Assignment:
The whole listing should come back exactly as written, except for the pictures.

Given data:
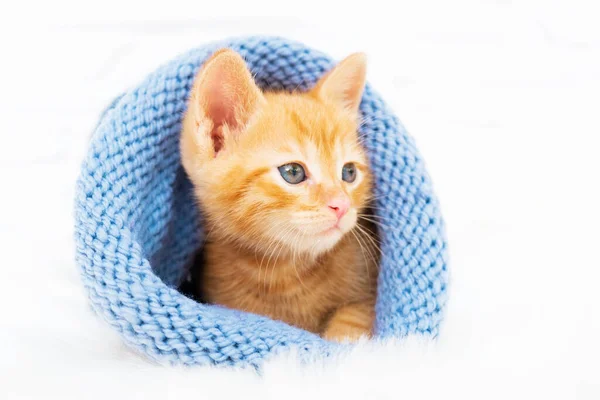 Küçük kızıl tekir kedi yavrusu tatlı tatlı güneşleniyor ve örülmüş mavi bir şapkayla fotokopi odasına bakıyor. Yumuşak ve samimi. Noel, ev konforu ve yeni yıl tatili, Sevgililer Günü konsepti — Stok fotoğraf
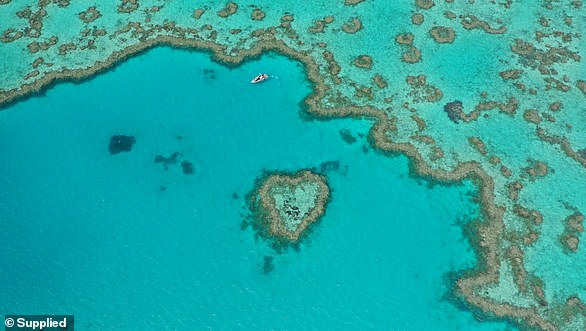 Hamilton Island is a popular tourist spot thanks to its proximity to the Great Barrier Reef.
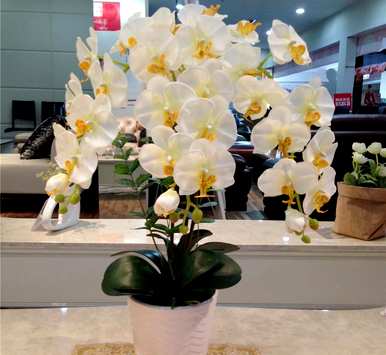 蝴蝶兰花期过后怎么养？蝴蝶兰花期可以剪根吗？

Exercise answer:
 Küçük kızıl tekir kedi yavrusu tatlı tatlı güneşleniyor ve örülmüş mavi bir şapkayla fotokopi odasına bakıyor. Yumuşak ve samimi. Noel, ev konforu ve yeni yıl tatili, Sevgililer Günü konsepti — Stok fotoğraf
 Hamilton Island is a popular tourist spot thanks to its proximity to the Great Barrier Reef.
 蝴蝶兰花期过后怎么养？蝴蝶兰花期可以剪根吗？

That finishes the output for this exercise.